I’ve been thinking a lot this Easter weekend about the women who went to the tomb after Jesus’ death to bring oil and spices to anoint his body, still worthy of care in its brokeness. In their dedication to affirm human dignity in the face of violence, to do the ordinary acts of tending and grieving that needed to be done, they became the first witnesses to the extraordinary power of love and life, the unstoppable force of resurrection.

Torture and death, the crucifixion of marginalized peoples and the destruction of ecosystems deemed by the empire to be a necessary evil for securing the prosperity of others, abounds in our world, touching all of us with its tendrils in interdependent ways. Like the women at the tomb, we need to keep showing up even when it feels like the ending is already written.

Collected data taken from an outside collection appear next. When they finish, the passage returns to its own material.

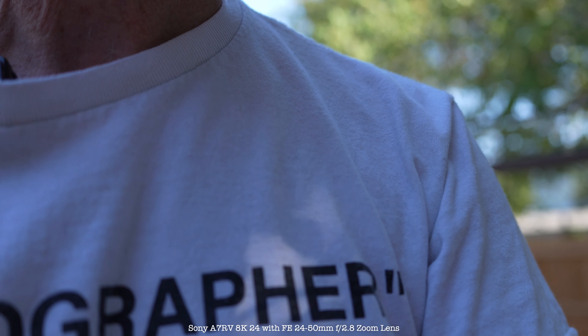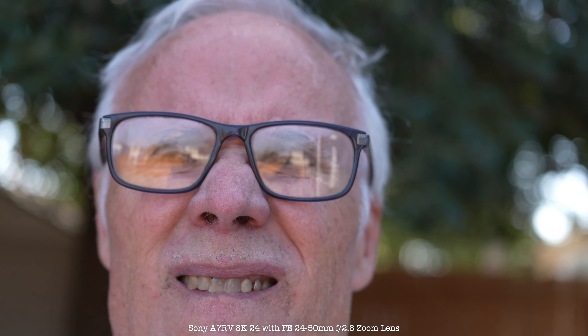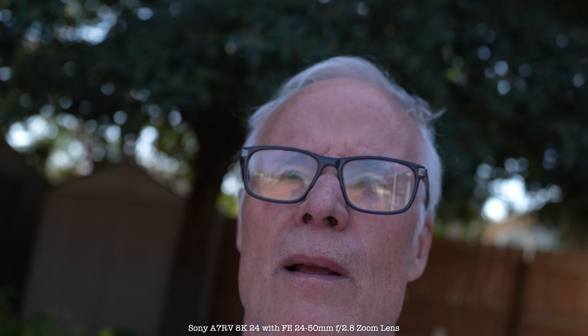Okay, so this is equivalent to the Q3 at 28, and then this is the Q3 at 43. That's it folks — thank you for watching. Let's bring it back to 28. Stay safe, keep smiling, and I'll see you next time. Bye folks.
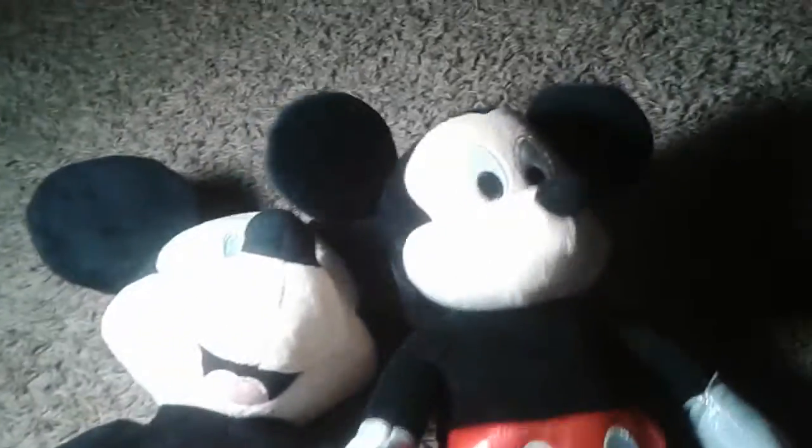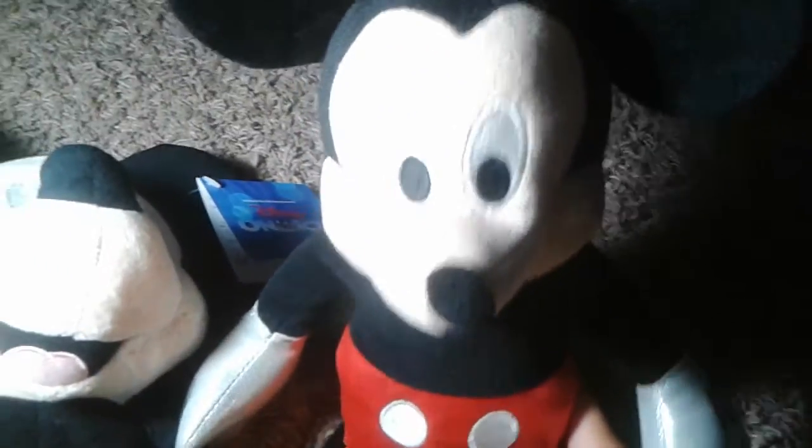This one does not have a tag, which I don't know why. You can squish his ears, but for this one you can't — it just makes a plain sound. His gloves and shoes are a different texture than the gloves on this one. Overall I like this Mickey Mouse, but I like the Disney on Ice one better.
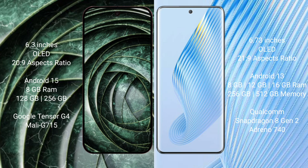Google Pixel 9A runs on the Android 15 operating system. Honor Magic 5 runs on the Android 13 operating system.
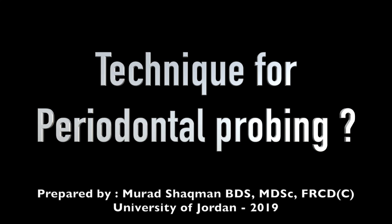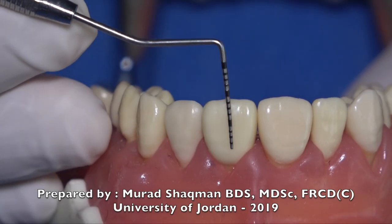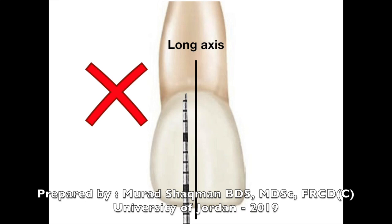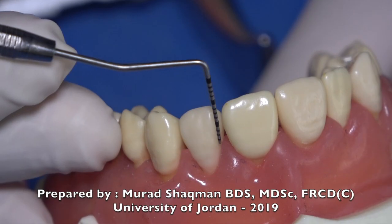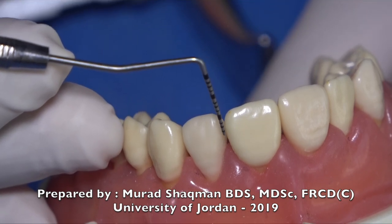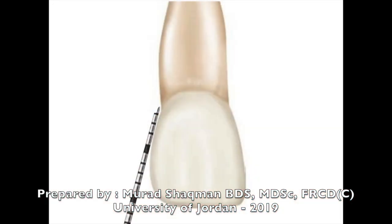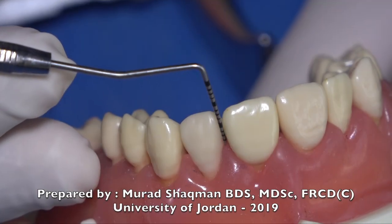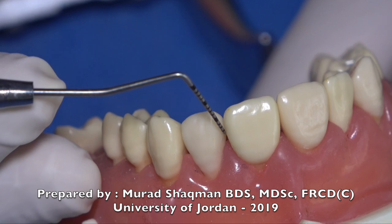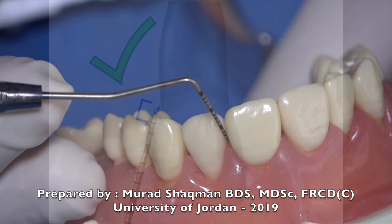When probing, we are not placing the probe parallel to the long axis of the tooth — that's not what we want to do, especially on the proximal. What you want to do is have the first two millimeters of the probe flat on the surface you're probing. To achieve that, you have to tilt your probe a little bit. This is the proper angulation in the interproximal area.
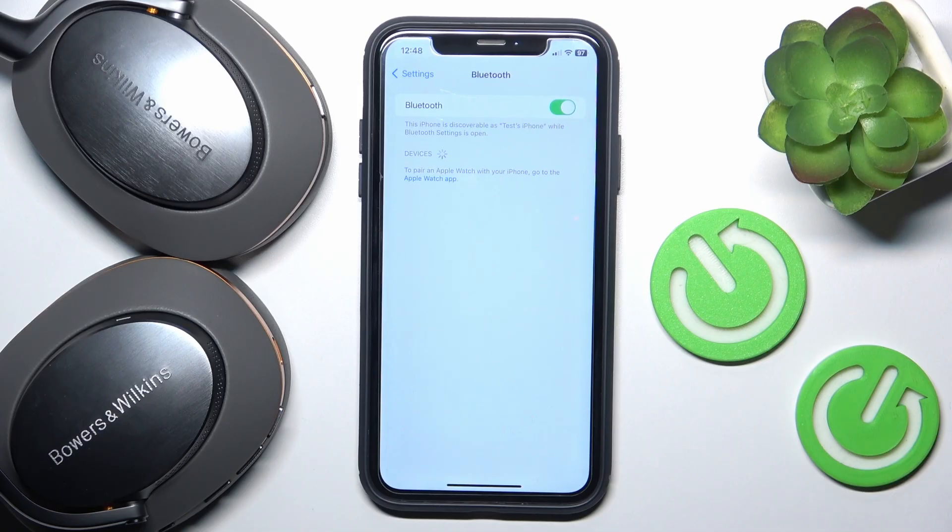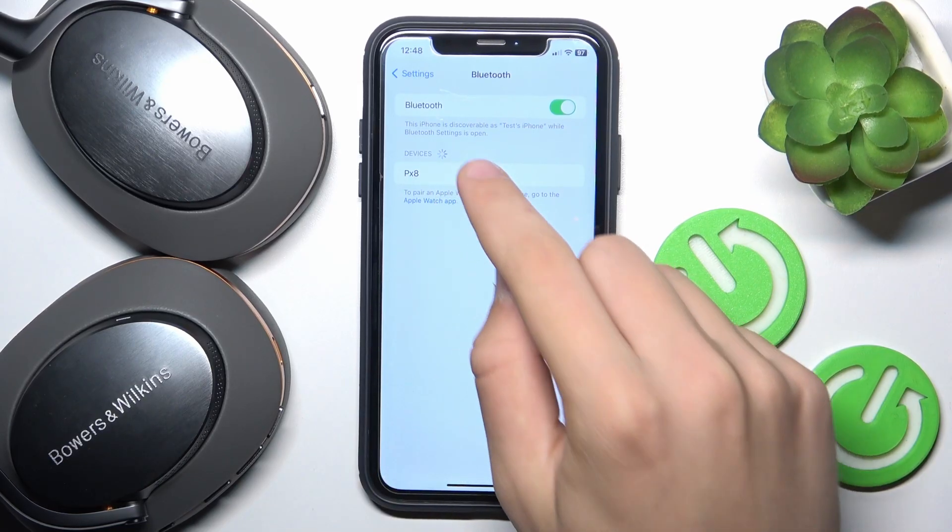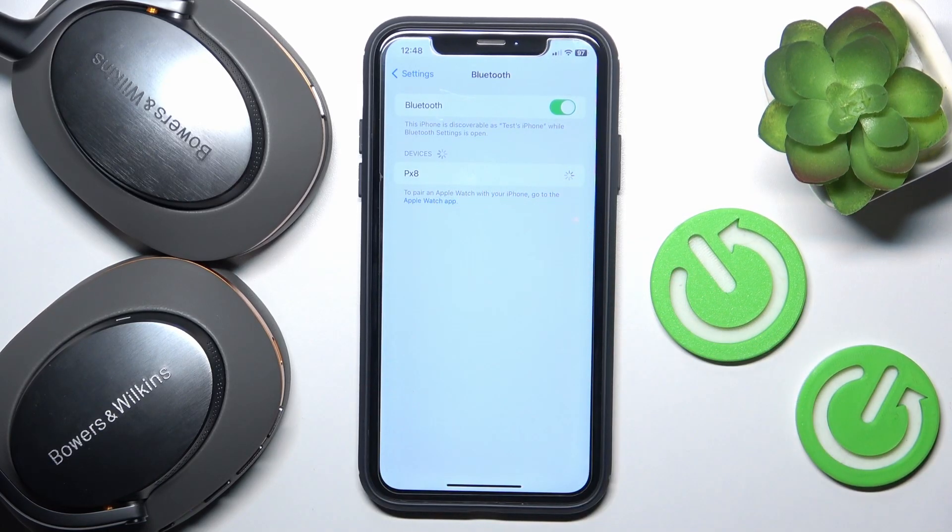Now you have to wait a moment. And as you can see, there is Px8. You just have to click on it.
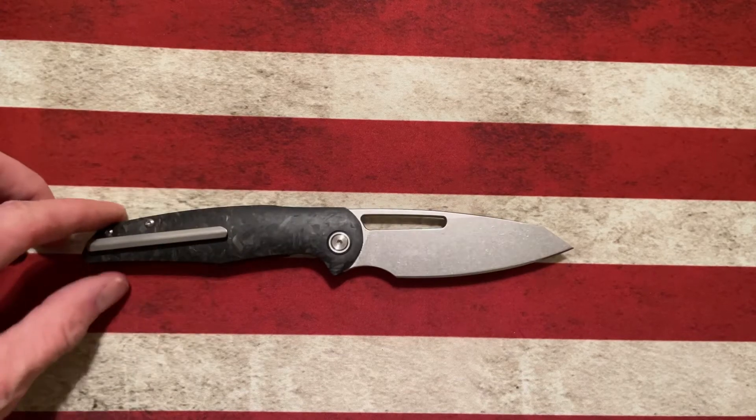I'd seen Dylan Mallory on Lefty EDC, either on The Edge or one of his lives, and they were talking about the knife that Dylan was currently working on and getting ready to design and release. He actually had a prototype there and I immediately kind of fell in love with the knife and thought, from what I could tell, it looked like it was going to be an awesome knife. And what I'm talking about is the Mallory Designs Forrest.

Showing up together to care, and tend, and to say that all life is precious and worthy of dignity. Worthy of flourishing.
I’m tired and run-down fighting off this cold and keeping the despair at bay that creeps up with each news headline and social media sound bite about a future that looks farther away from mutual flourishing than ever. So I’m focusing on the tiny things this weekend, the dandelions springing up in pavement cracks. Tiny things that assert the power of life, care and flourishing. Tiny things that keep me going.
I voted. Together with neighourhood friends & kids, on a day off for all of us, we waited in line at the advance polls and joyfully voted in the Canadian federal election for a local candidate with a track record of standing up for vulnerable people in our community and around the world. And then we hung out at the playground and enjoyed being outside together in the mild spring weather.
I’ve taken up embroidery again, something I learned as a child that I haven’t practiced in a decade or two, to try my hand at visible mending. Mostly kids’ pants with holes in the knee. I patch them up with colourful designs and loopy flowers. Feels like joyfully, artfully, embracing slow fashion and simple living. It also feels like resistance to disposable consumer culture, and like embracing knowledge passed down through generations - I’m learning from the tradition of my elders who kept scraps of fabric from old clothes and turned them into quilts, into works of art to meet the needs of daily living. I’m not piecing quilts out of worn shirts and outgrown dresses yet, but maybe I could. Maybe I will.
Last year I transplanted perennial pollinator flowers from my aunt’s garden into my garden. I can’t remember what all I planted, but scarlet bee balm, I think, and something with pale green discs of leaves that are already plumping up and filling out in the balmy early spring. I will be surprised and delighted to see what emerges and blooms.
Tiny spring ephemeral flowers are blooming in the forest right now. Blootroot, bluebells and snow-drops. The spotted leaves are up for the trout lilies but no delicate yellow flowers yet. It’s a yearly joy for me to see these early beauties who are so essential to pollinators and the whole forest ecosystem.
What is giving you life these days? Where are you seeing flowers growing in the cracks of pavement, and communities of care overflowing? What are the tiny things that keep you going?